HOW TO COMPLETE THIS TASK.
Take the lines below from the one with "uytkt copy-.jpg (100x100, 27Kb)" through the one with "qrcode für Goobay" and print only them, exactly. Don't print the pictures.

Segment Start: INFORMATION PROVIDED

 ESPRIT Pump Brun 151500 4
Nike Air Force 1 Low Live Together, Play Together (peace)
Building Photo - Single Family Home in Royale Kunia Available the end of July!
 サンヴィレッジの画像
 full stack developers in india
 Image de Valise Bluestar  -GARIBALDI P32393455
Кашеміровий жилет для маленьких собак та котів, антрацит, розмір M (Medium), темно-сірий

Segment End: INFORMATION PROVIDED
Segment Start: INFORMATION PROVIDED

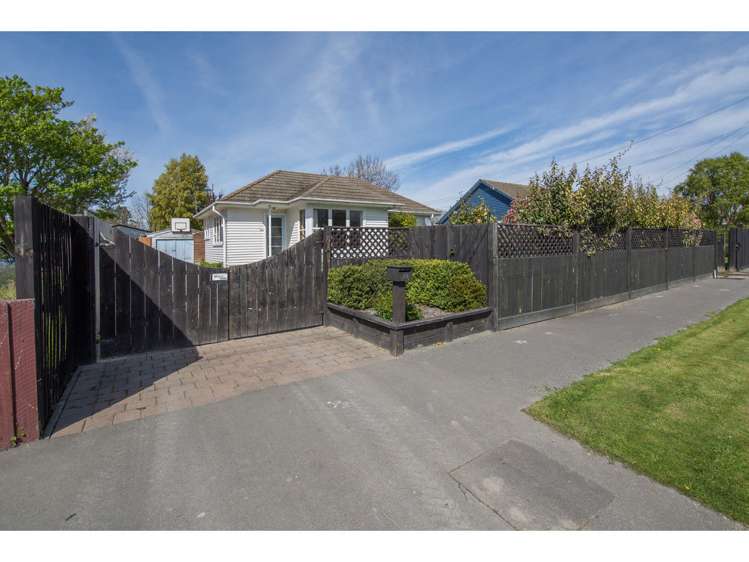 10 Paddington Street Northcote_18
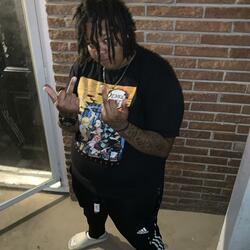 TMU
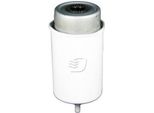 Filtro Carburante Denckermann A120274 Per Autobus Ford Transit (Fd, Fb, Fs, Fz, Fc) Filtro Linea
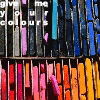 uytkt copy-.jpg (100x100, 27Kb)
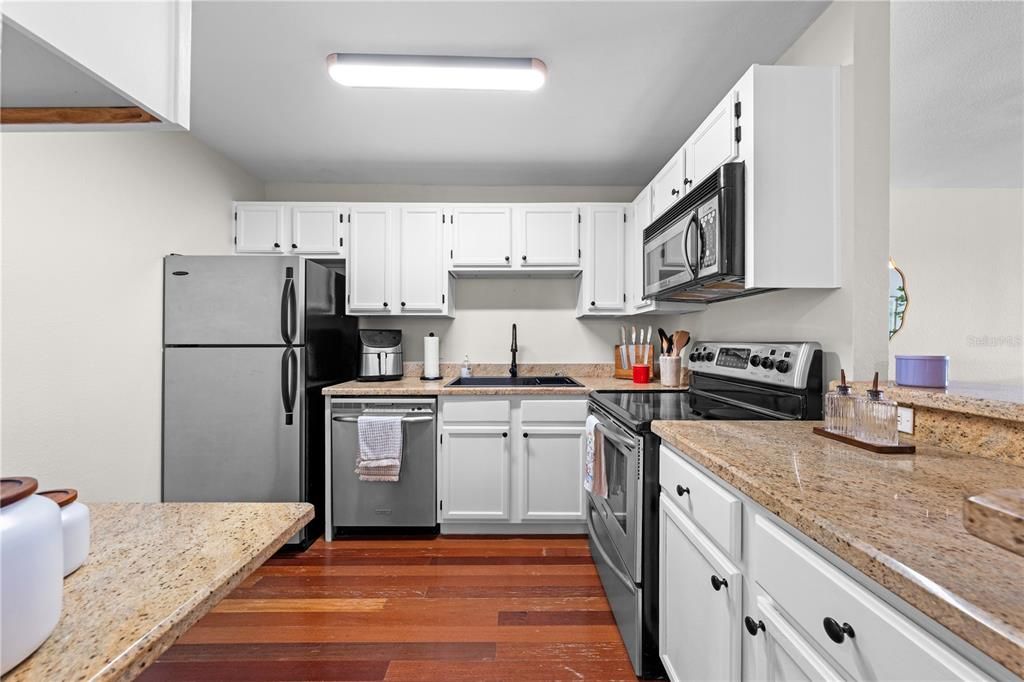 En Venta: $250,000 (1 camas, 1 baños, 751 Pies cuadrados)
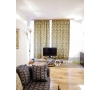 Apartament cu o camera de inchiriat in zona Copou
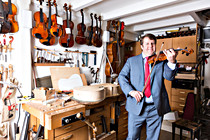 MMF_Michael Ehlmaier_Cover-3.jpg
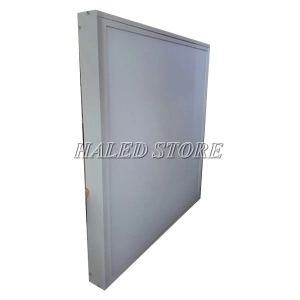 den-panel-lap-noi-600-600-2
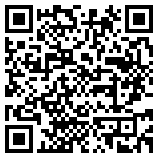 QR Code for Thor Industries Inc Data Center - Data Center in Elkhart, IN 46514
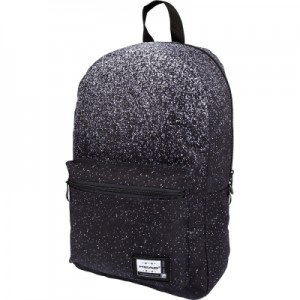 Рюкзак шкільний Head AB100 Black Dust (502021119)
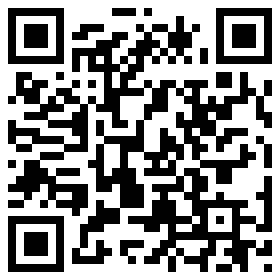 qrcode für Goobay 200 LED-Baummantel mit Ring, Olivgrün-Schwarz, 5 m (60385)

Segment End: INFORMATION PROVIDED

RESPONSE TO THE TASK.
 uytkt copy-.jpg (100x100, 27Kb)
 En Venta: $250,000 (1 camas, 1 baños, 751 Pies cuadrados)
 Apartament cu o camera de inchiriat in zona Copou
 MMF_Michael Ehlmaier_Cover-3.jpg
 den-panel-lap-noi-600-600-2
 QR Code for Thor Industries Inc Data Center - Data Center in Elkhart, IN 46514
 Рюкзак шкільний Head AB100 Black Dust (502021119)
 qrcode für Goobay 200 LED-Baummantel mit Ring, Olivgrün-Schwarz, 5 m (60385)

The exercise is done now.